Everything is quiet and nothing is silent
Late last night, after everyone had gone to bed (including the cat), I sat on the couch, in the darkness but for a few candles, and tried to embrace the stillness around me.
There is no such thing as absolute silence in this house, or anywhere, really. Even with nobody moving or making a sound, I could still hear the faint hum of the refrigerator, the slight rattle of the gentle breeze against the window pane, the almost imperceptible breaths of the cat on the couch next to me. The house is quiet, the world can become quiet, but it is never silent.
Last week, we were lucky to attend a performance of Silence, written by Trina Davies and directed by Peter Hinton, at the Grand Theatre. The play tells a story that we all should know but so few of us actually do: the story of Mabel Gardiner Hubbard, a remarkable woman who was deaf, and who went on to marry Alexander Graham Bell, the inventor of the telephone. It was a mesmerizing performance not just because of its content and its inventive staging, but because it brought to light a fascinating dichotomy: that of a man who devoted his life to being able to transmit sound, and a woman, his wife, who could not hear any of those sounds that were being transmitted.
More than that, though, Silence made me think about how I experience the world through my ears; every single situation and circumstance I encounter is mediated through sound, even if sound may not be the primary sense I use in that particular experience. In fact, it is impossible to escape sound, as I so aptly remembered last night.
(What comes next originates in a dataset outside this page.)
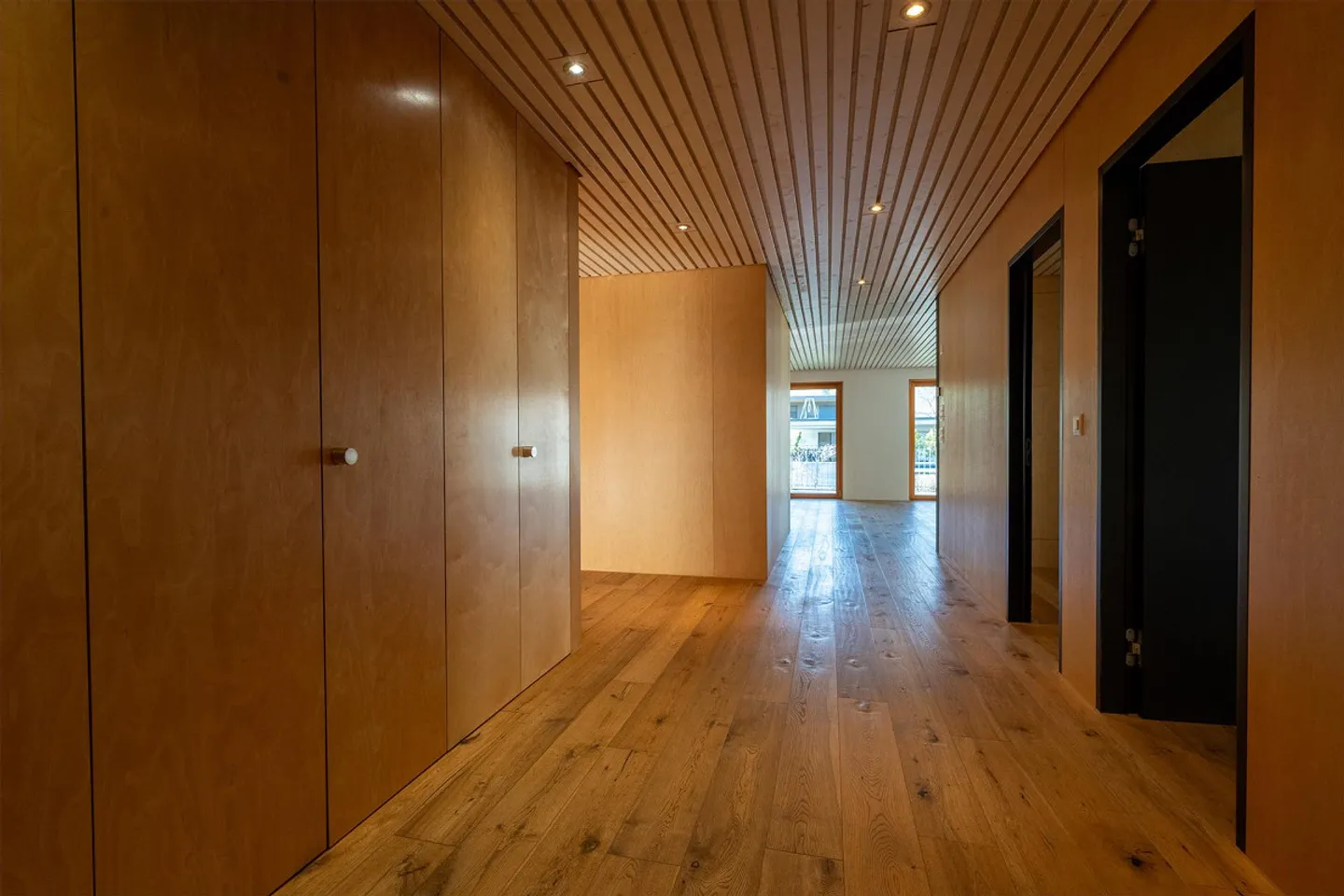 Appartamento attico esclusivo di 4,5 locali in posizione tranquilla - Foto 12 di 26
The aural landscape—sometimes ignored and unnoticed—is inescapable to those of us who can hear.
What would it mean for the world to be truly silent? I don’t know if I have the capacity to understand it, to be honest. Even in Silence, when we experience the perspective of Mabel when she is not reading the lips of others, the dialogue is replaced by a loud, pervasive hum, rather than a complete quiet; even the absence of any auditory stimulus has to be conveyed through sound.
If anything, watching Silence has reminded me to be more conscious of the sounds around me and how they shape my perception of the world. Over the past few days, I have been noticing this aural environment more and more, and paying attention to how the hidden sounds affect me and my experiences.
Even by night, when all is still and quiet, my world is not silent. For that, I am thankful, and will be more appreciative of the tapestry of the sound that envelops me every day.